A robust safety program goes beyond high-visibility vests and hard hats, although those are obviously important. Forward-thinking companies are also investing in new connected safety solutions that are capable of monitoring employees remotely and providing data to managers to help ensure safety compliance. These will become increasingly essential in the era of the traveling contractor, with employees spread across a larger and more diverse geography.  

All in all, implementing a strong, comprehensive worker safety program can help businesses save money, attract and retain top talent, and be more competitive when it comes to winning new, complex projects. Partnering with an innovative distribution partner that can focus on the basics, as well as the more complex safety needs, can allow their contractors to focus on job execution and meet their customers’ requirements.  



Opportunity 3: Innovative Labor Solutions to Maximize Efficiency 

Almost every contractor has had to contend with labor shortages recently — especially for skilled labor — and there does not appear to be an end in sight. That’s why it’s increasingly critical to align with a distribution partner that can provide innovative and proactive solutions that can help maximize labor efficiency. 

From a technology perspective, leading-edge companies are utilizing virtual reality (VR) and artificial intelligence (AI) for virtual project management, modeling and more. Those, along with automation and robotics, can also be leveraged for jobsite locations that may pose safety hazards.
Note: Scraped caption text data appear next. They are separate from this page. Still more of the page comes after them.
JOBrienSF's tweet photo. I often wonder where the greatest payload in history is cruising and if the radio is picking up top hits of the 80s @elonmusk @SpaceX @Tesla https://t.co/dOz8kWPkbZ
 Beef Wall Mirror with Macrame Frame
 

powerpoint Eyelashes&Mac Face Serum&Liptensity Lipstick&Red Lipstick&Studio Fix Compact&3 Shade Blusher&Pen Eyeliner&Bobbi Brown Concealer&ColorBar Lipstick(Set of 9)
Additionally, other solutions can help construction businesses boost labor efficiency and effectiveness:

  • Prefabricated, or prefab, solutions deliver multiple products or materials preassembled in one shipment, meaning workers spend less time sorting and transporting, and more time installing and completing jobs on time.
  • Click-and-install solutions, as the name suggests, deliver specialized equipment to the jobsite ready for installation, which allows specialized labor to be utilized more effectively. These can be especially relevant for green energy and other sustainability-related projects, such as solar and wind farms, or EV charging stations.
  • Other innovative solutions or products can also help businesses reduce labor costs, speed up installation and minimize injury risk. 


Although complex and scalable projects tied to sustainability and electrification efforts will unlock billions of dollars in opportunities for construction companies, challenges remain. Controlling capital costs and managing supply chain issues will continue to be roadblocks that businesses will be forced to contend with. An effective safety program — or lack thereof — could stand in the way of attracting quality workers, or even hinder competitiveness. And lingering labor shortages will press companies to find innovative ways of maximizing the efficiency of the labor they do have. 


Finding and leaning on strategic partners that have the size, scalability and expertise to meet these challenges will help construction business owners stay competitive and capitalize on the numerous sustainability-related projects opening up in 2024 and beyond.